Ramblings from a prison cell
With the drop of the judges gavel my life changed forever. A police officer grabbed my arm and I was led downstairs to a cold and stark jail cell. I was in total shock and didn’t understand what had just happened but I remembered the officer quietly saying “you’ll be out in three months if you play your cards right.” He locked me in a room and so began the first of many sessions of waiting and waiting and waiting without knowing what or when something was going to happen. It was my first test in patience, a talent I was going to have to develop doing the next ninety days. After an unnerving and prolonged period sitting alone in silence I was handcuffed, put in a caged van and driven off on a mystery tour. It terminated at Armley Prison, just outside Leeds.
From that time on I was prisoner – Ellis DC2294.
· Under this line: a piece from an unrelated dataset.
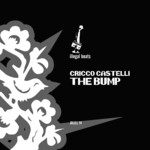 cover: Cricco Castelli - The Bump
Thirteen years prior I’d worked in Latchmere House Remand Centre teaching English to boys under eighteen. The law stated that they had to be provided with at least ten hours of education weekly. As I went back and forth through the numerous gates and security checks I never thought I’d be one of those who don’t get to go home at night. It was 1988 and I was now being subjected to a powerful kick up the arse.
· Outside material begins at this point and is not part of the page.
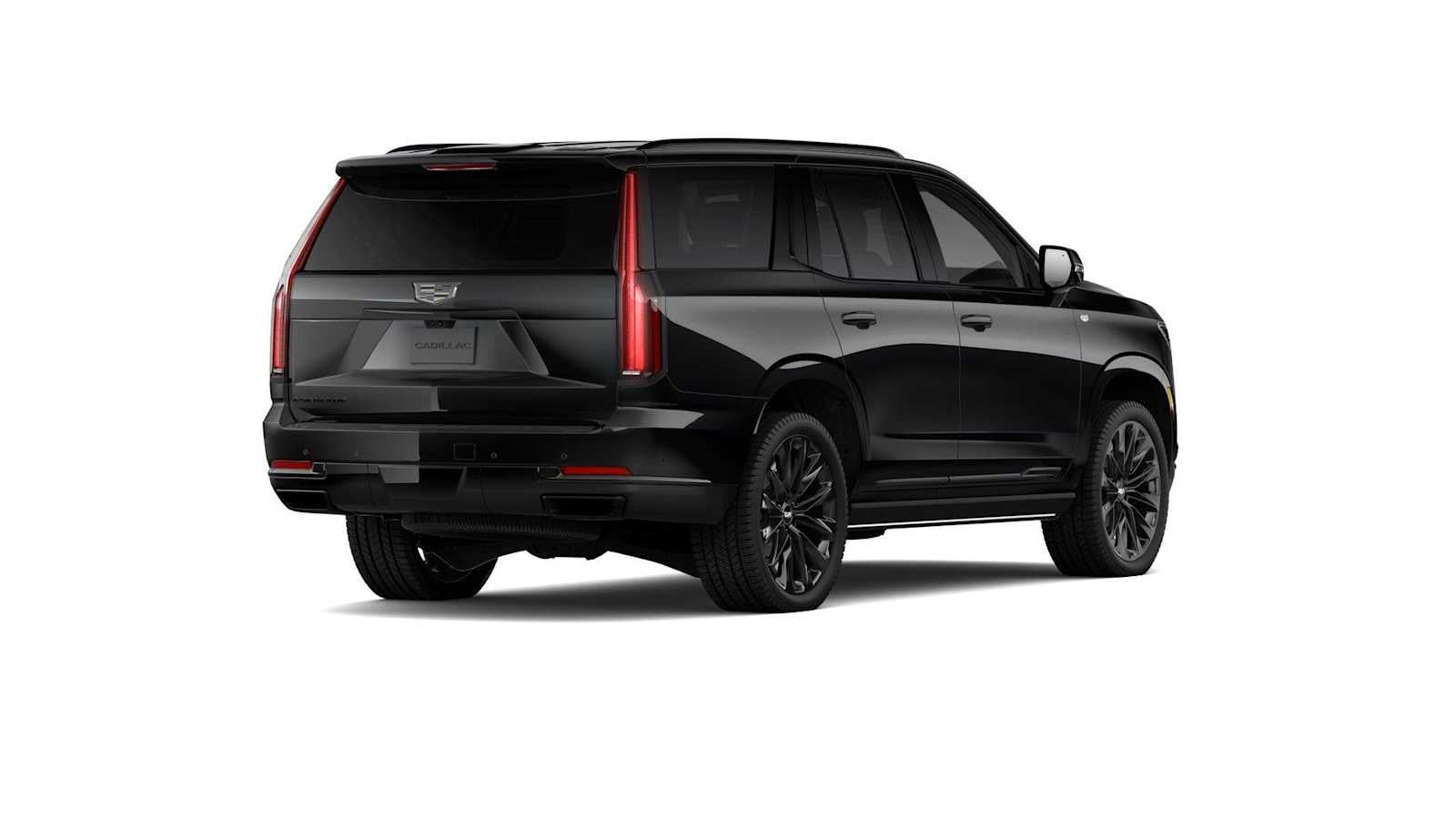 2027 Cadillac Escalade Platinum Sport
- HER MAJESTY’S PRISON LEEDS
Built in 1847 from locally quarried stone Armley Prison was a foreboding castle-like jail perched conspicuously above the city of Leeds as a warning to criminals. It originally had four wings radiating from a central point in a Victorian architectural style typical of the time. Each of these four wings had three landings of cells. By the late nineteenth century it became the only site for carrying out death sentences in Yorkshire. The last hanging at Armley took place in 1961 just four years before capital punishment in the UK was abolished.

ARMLEY PRISON
Bang up, echoes, trays clang
Exercise over, doors slam
Chatter subsides, stillness grows
Thru cold steel nothing shows
Calendars crossed, letters written
Boredom broods, lips get bitten
The cord is cut, our lasses wait
Years away from the grey stone gate
The Victorians built Armley for 600 men with individual cells. In 1964 the toilets and wash basins were removed from each cell and replaced with one or two extra beds and a slop bucket. A report by HM Inspectorate of Prisons later found “91% of cells at the prison in Armley are used to hold more inmates than they were designed to and it is unacceptable that the consumption of food occurs in the same space as toilet facilities.”

BIRD
Flying through the prism,
Relentlessly on my way,
Ever conscious of the schism,
Awaiting for my day.
Prism is the name that I adopted for prison, it softened the feel of the word and reflected my decision to use my sentence to look at the many facets of the experience. I also learned a whole new meaning for words I thought I knew including bird, bender, burn, screw, nonce, block, numbers, draw, runner, gear, bang-up, slop, knock back, cocky, rajie, snout, jam roll, spin, divi. Adding to these linguistic complexities was the dialect of my fellow inmates, mostly from the north of England, who spoke in strange tongues alien to my ear. My own accent was interpreted as foreign and so I was labelled “the American.”
FLY
Fly bird, go fast, be gone,
Beat those wings and fly,
Fly time, fast, go, go, go on,
Go bird, go, soar up high,
Catch that cloud floating by,
Ride that breeze towards sun and sand,
And carry me home to my chosen land.